#### Task to complete:
Give the listing again word for word, excluding the pictures it contains.

#### Stored data:
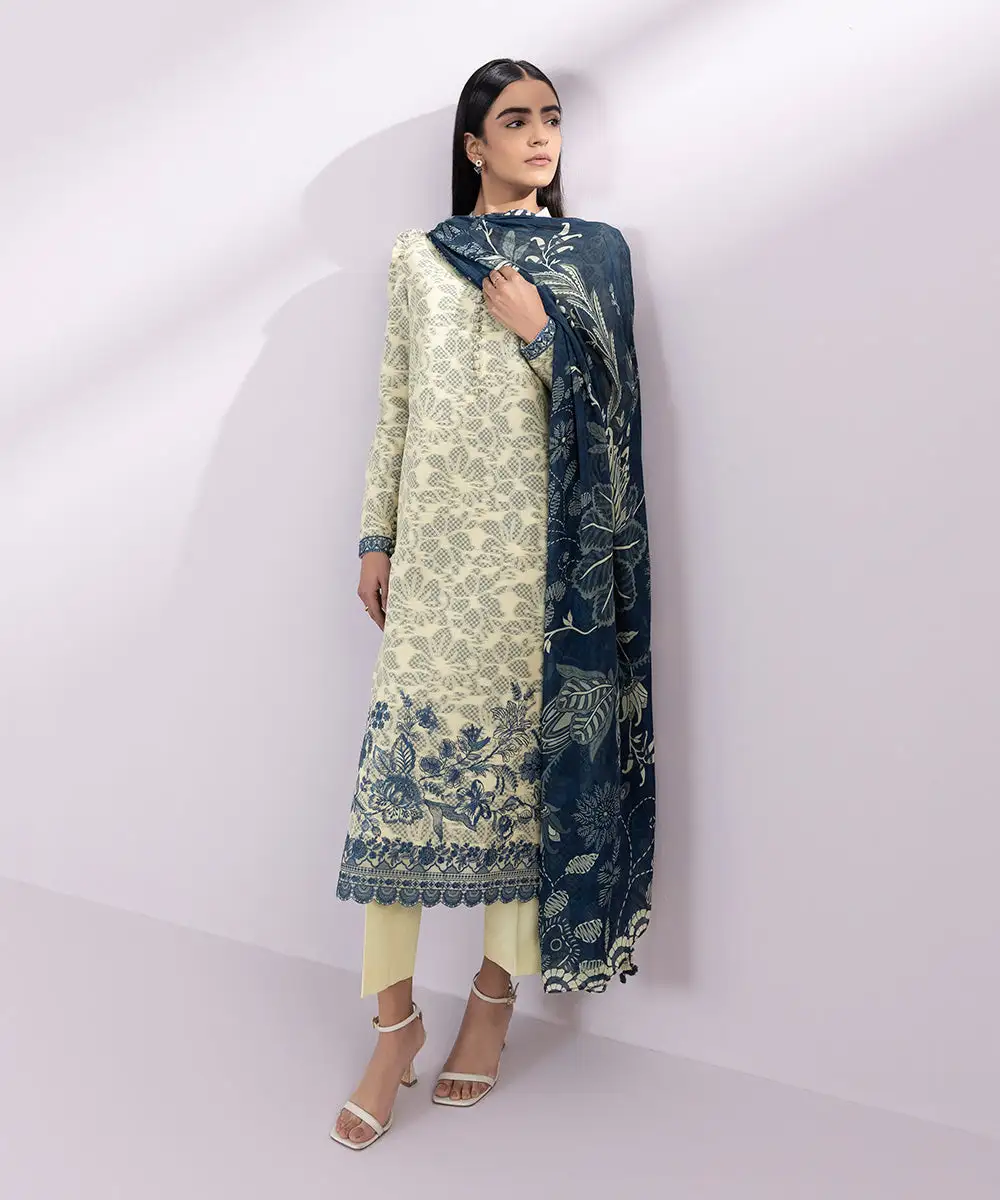 3 Piece - Embroidered Jacquard Suit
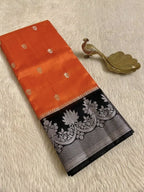 Orange & Black Banarasi Semi Silk Saree with Rich Floral Zari Border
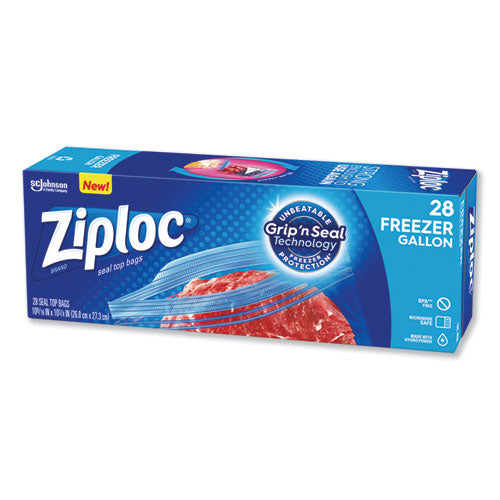 Image of Ziploc® Zipper Freezer Bags, 1 gal, 9.6" x 12.1", Clear, 28/Box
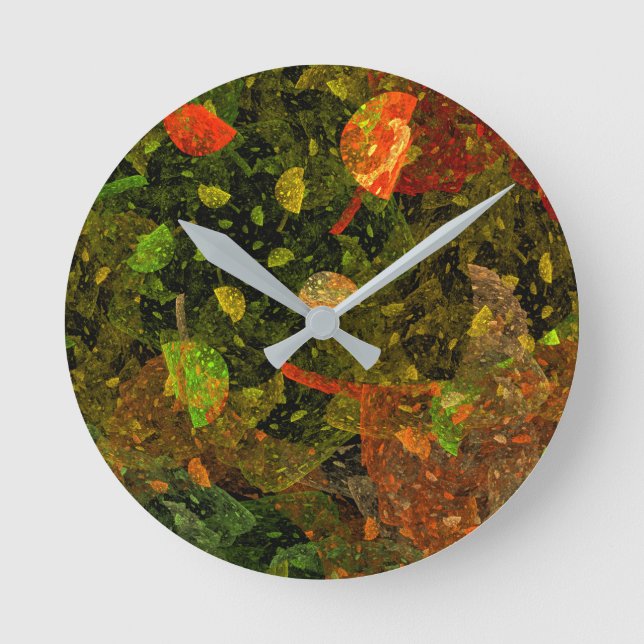 Autumn colorful decorative design round clock (Front)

#### Answer box:
 3 Piece - Embroidered Jacquard Suit
 Orange & Black Banarasi Semi Silk Saree with Rich Floral Zari Border
 Image of Ziploc® Zipper Freezer Bags, 1 gal, 9.6" x 12.1", Clear, 28/Box
 Autumn colorful decorative design round clock (Front)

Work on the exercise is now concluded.